FOX31 Denver

CSP uses airplanes to check for speeders on major Colorado highways

JEFFERSON COUNTY, Colo. — Colorado State Patrol owns and operates three Cessna aircraft it uses to monitor traffic on Colorado’s highways for dangerous drivers and speeders.

“Any given day, you’re going to have at least one of us up,” Trooper Nate Reid told FOX31.

The planes fly about 1,500 feet above the ground watching drivers on Interstate 70, I-25, C-470 and other major highways.

Pilots monitor a vehicle’s speed using thick white strips painted or placed on road surfaces. Each mark is exactly half a mile apart.

“When the vehicle passes the first line, I begin my stopwatch,” Reid said. “After that vehicle passes the second line, we’ll hit the stop watch to find out how much time has lapsed between the two half-mile marks and the stopwatch does the calculation for us and gives us the speed.”

During air patrol, law enforcement on motorcycles or in patrol cars on the ground standby to attempt to stop the alleged speeders.

“Trying to describe these driving actions to the officers on the ground sometimes gets challenging,” Reid said. “A lot of the traffic looks alike from 1,500 feet.”

CSP says it is not trying to be stealthy or secretive by monitoring traffic from the air. There are signs posted saying “speed checked by aircraft.”

“We want people to know that we’re out here.
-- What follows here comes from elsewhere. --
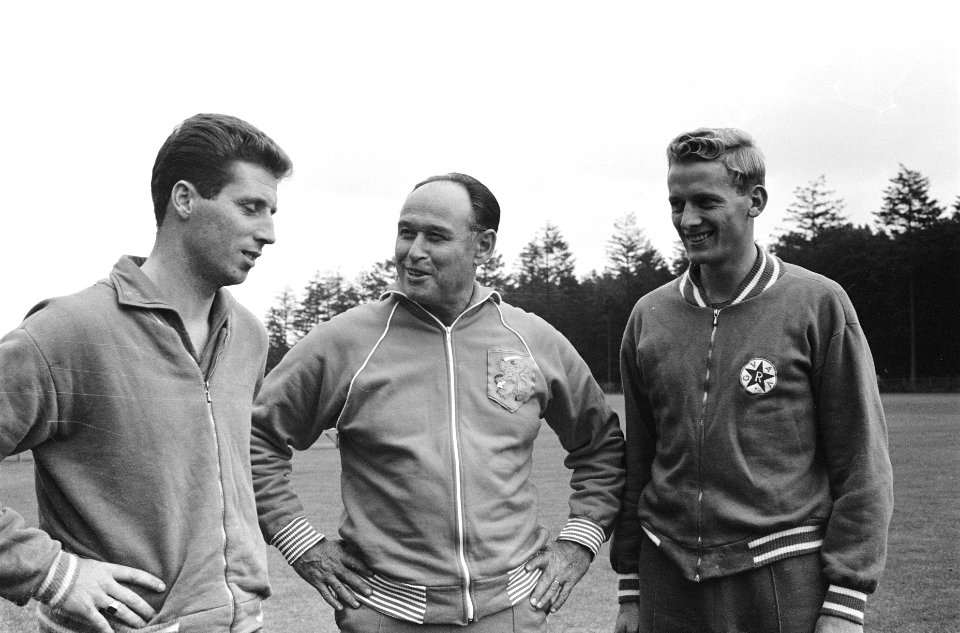 Training Nederlands elftal te Zeist Elec Schwartz in gesprek met van Linden (li, Bestanddeelnr 915-4974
We prefer voluntary compliance and we want people to do the right thing on the roads,” Reid said.

According to CSP, it is common to spot speeders driving anywhere between 80 and 100 miles per hour in zones where the speed limit is 65 miles per hour.

“That’s our main goal: stop the people dying on the roadways,” Reid said. “Until that fatal number drops to zero, we’ll be flying these airplanes in the sky.”